# Packer week



## KEN W (Feb 22, 2002)

Man this could be the biggest Vikes/Pack game of all time and no one has a thread up????

Go get em Vikes.Vikes defensive line eats up Aroon Rogers.

Vikes 31.....Pack 17


----------



## Longshot (Feb 9, 2004)

Hello Ken. I agree this is a huge game. I will be rooting for the Pack as always, but it's tough to hope for Favre to fail. I'm still a fan no matter what team he plays for. As usual it should be an interesting game and a hard one to predict. The Pack usually struggles on the Queen's home turf, but I will say the Pack 28 Queens 24.


----------



## drjongy (Oct 13, 2003)

Can't wait! Making a turkey with all the trimmings tonight.

Favre kicks butt and Rogers looks like.......well, Rogers. 

Vikes 34 Pack 20


----------



## MOB (Mar 10, 2005)

Can't wait! Making a prime rib with all the trimmings tonight.

Rogers kicks butt and Favre looks like.......well, Favre in the metrodome.

Vikes 17 Pack 31

Favre wil be all jacked up and over throwing his receivers, right to the Pack DB's.
Favre 1 TD 3 INTs


----------



## Longshot (Feb 9, 2004)

This thread is making me hungry. I may have to take off early from work to get some ribs in the smoker. I am overloaded with peppers and tomatoes from the garden so I guess I will be making a lot of salsa.

MOB: Woodson will have 2 of those 3 interseptions.


----------



## Hardsell (Jan 29, 2007)

I see this game being more about AP and than the quarterbacks. Both defenses are prepared for the quarterbacks, but everyone knows that the Vikes run through AP. If AP is on a role Favre will just hand-off and not give the Pack a chance to get an interception. 
It will be really interesting to see how the Pack's O-line performs against the Vikings D-line. With the Packs whole left side shifting because of Clifton's injury it will see if there is any problem with cohesion. IF their line doesn't hold Rodgers will be scrambling for his life. They might have to use a TE or FB to assist in blocking, reducing the amount of receiving targets that Rodgers has. Forte is really going to have to step-up to help take the pressure off of Rodgers. We might see him block, then leak out to catch the ball. 
With the Packs great corners playing Berrian and Rice closely hopefully Percy Harvin can light it up underneath.
I think it should be a grinder, but with the offensive line problems that the Packers have and the great running of AP I see the Vikes winning this one!


----------



## drjongy (Oct 13, 2003)

Funny stuff, MOB!

:beer:


----------



## MOB (Mar 10, 2005)

The Packers O line will have it's hands full and it will be a true test for them. The queens O line is not the greatest though either, as Favre has been abused back there and the Packer 3-4 D is chomping at the bit to get at Favre and AP.


----------



## MOB (Mar 10, 2005)

drjongy said:


> Funny stuff, MOB!
> 
> :beer:


Thanks, sorry to cut and paste, but it all fit so well! We nixed the prime rib too, I don't want to be tending to that on the grill and miss any pregame. Barbeques in the crock pot will have to suffice for a main dish.

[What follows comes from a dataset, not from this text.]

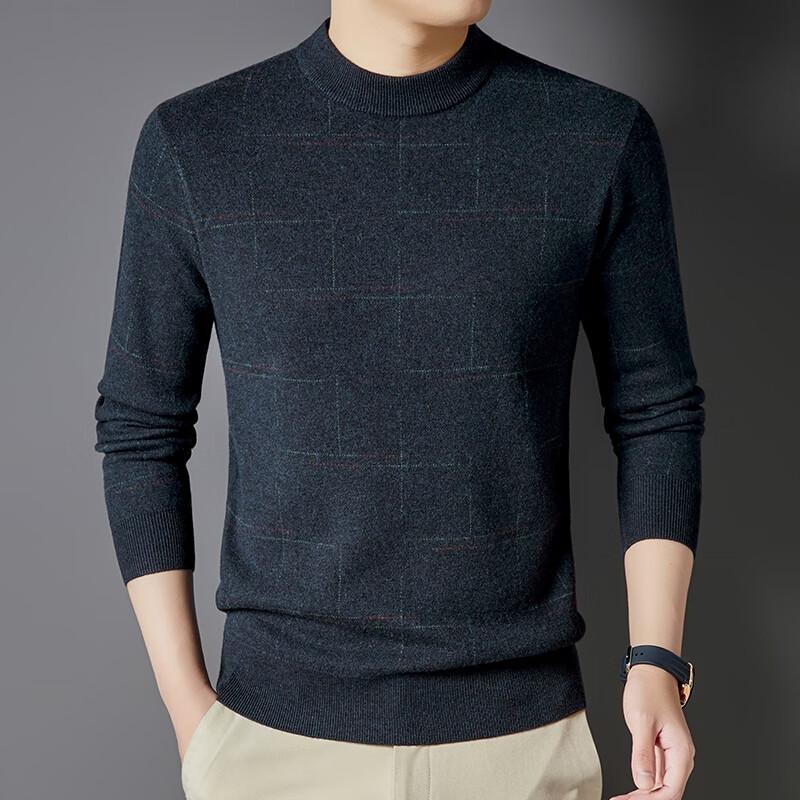 Yiliteng Men's 100% Wool Round Neck Pullover Sweater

Having Favre QB for the enemy is a tough for a Packer fan. He's a traitor, but he has 12 million good reasons to play and a chance to get some revenge on TT for rejecting him. 12 million dollars to do something you love to do? Tough decision! NFL players, especially future HOF NFL players aren't used to rejection and someone telling them "no" for anything.


----------



## Longshot (Feb 9, 2004)

I heard a great analogy today:

Watching Favre is like watching an ex-girlfriend date an ugly guy! :lol:


----------



## Doogie (Feb 23, 2007)

Anyone recomend the best place in Grand Forks to watch the game??


----------



## Longshot (Feb 9, 2004)

Senior Moment?


----------



## drjongy (Oct 13, 2003)

Doogie said:


> Anyone recomend the best place in Grand Forks to watch the game??


My house for turkey!!

Otherwise, Buffalo Wild Wings would be alright, probably pretty packed. The Plamakers bar at the Canad Inns has a bunch of TV's now and is a large place. Kelly's bar would be an alright spot too. The Bun is always fun. The Long Haul bar at the Hwy 2 and 29 truckstop isn't bad...kind of slow service.


----------



## KEN W (Feb 22, 2002)

Wow.....sounds like some great food tonight.I'm having antelope steaks.Filled my tag on Saturday.

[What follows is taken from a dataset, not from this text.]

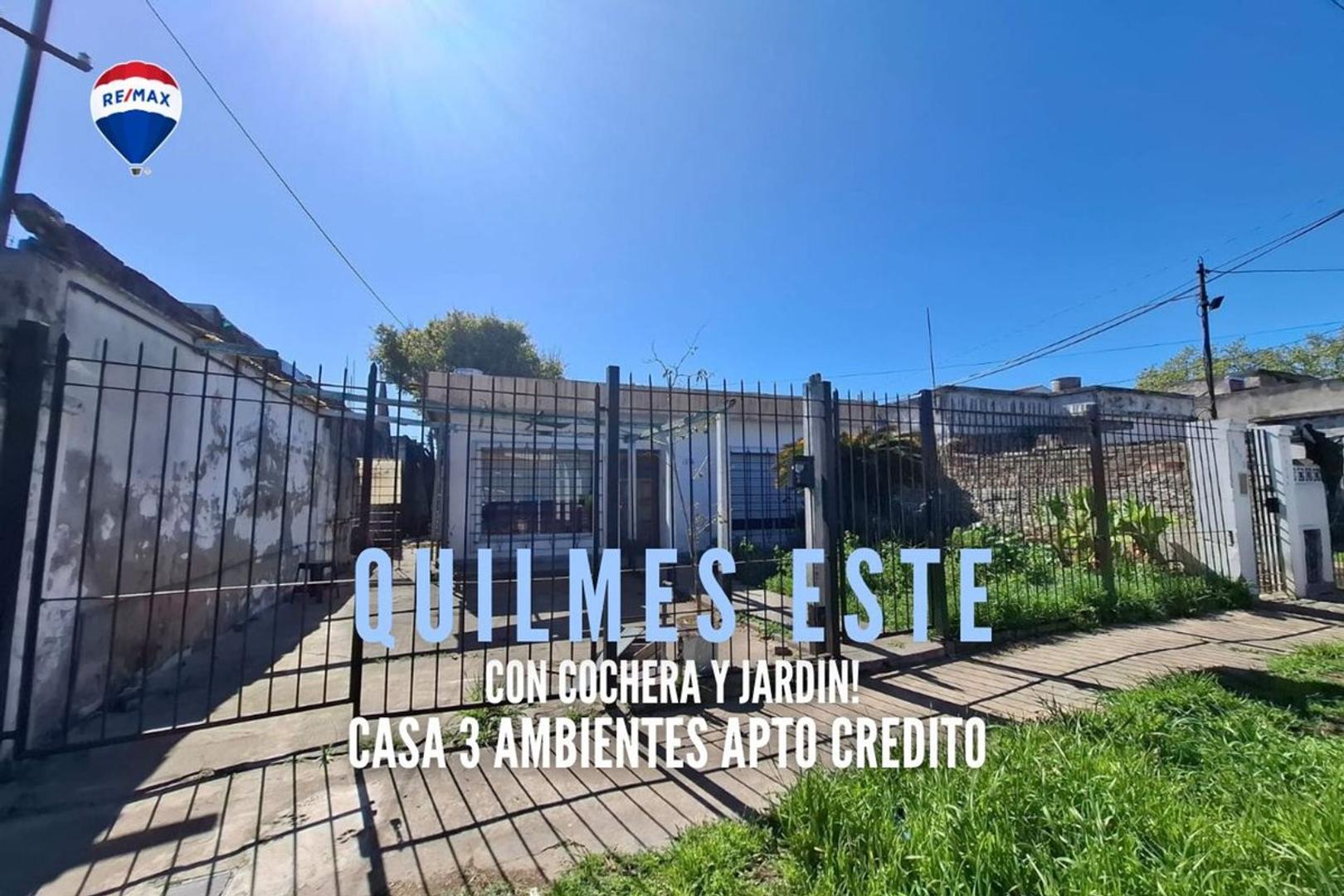 VENTA CASA 3 AMB CON COCHERA Y JARDÍN QUILMES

Awesome weekend with the Vikes and Twins.


----------



## Hardsell (Jan 29, 2007)

It will be interesting to see how the Pack's new 3-4 Defense works against the Vikes. I think AP had 192 yards against them the last time they met. I'm expecting a big game from Percy Harvin as well. I think he's good for 1 TD from a short pass from underneath the Pack's secondary.


----------



## Doogie (Feb 23, 2007)

Packer fans allowed at your place 
? lol ill probably check out the canadd or the long haul since they are probably the closest


----------



## drjongy (Oct 13, 2003)

Forgot to mention, Long Haul is a smoking bar, Plamakers at Canad is non-smoking.


----------



## dogdonthunt (Nov 10, 2005)

ur gonna pass up a fresh cooked turkey??!!!!!!!


----------



## Doogie (Feb 23, 2007)

He never said if packer fans where allowed at his house or not


----------



## KEN W (Feb 22, 2002)

Nice win for the Vikes.Rogers won't last half the seaon with the Pukes offensive line.He played well,but getting hit way to often.Couldn't believe McCarthy didn't give that tackle some help on Allen.

What a waste of a top notch defensive end in Kampman playing linebacker in a 3-4 defense.


----------



## Longshot (Feb 9, 2004)

KEN W said:


> What a waste of a top notch defensive end in Kampman playing linebacker in a 3-4 defense.


Couldn't agree more. It was a good game as always. The Pack's O line really needs some help.


----------



## njsimonson (Sep 24, 2002)

Exciting game for the most part, nice to see the ball find Berrian's hands and stay there. Favre went to him a lot, glad he's getting some use.

Damn good thing my league doesn't do -2 for a sack, as I had Rogers. I did appreciate the 380+ yards.

Now...back to Twins-related matters.


----------



## KEN W (Feb 22, 2002)

This is the way it should go the rest of the season.....pick your poison.....stop AD and Favre picks you apart.No more stacking the box with 8 guys.Using 5 linebackers and 3 down lineman fills the running gaps,but it also opens up the secondary.

This is exactly why The Vikes went after Favre so hard to unretire. :beer:


----------



## 9manfan (Oct 22, 2008)

KEN W said:


> Nice win for the Vikes.Rogers won't last half the seaon with the Pukes offensive line.He played well,but getting hit way to often.Couldn't believe McCarthy didn't give that tackle some help on Allen.
> 
> What a waste of a top notch defensive end in Kampman playing linebacker in a 3-4 defense.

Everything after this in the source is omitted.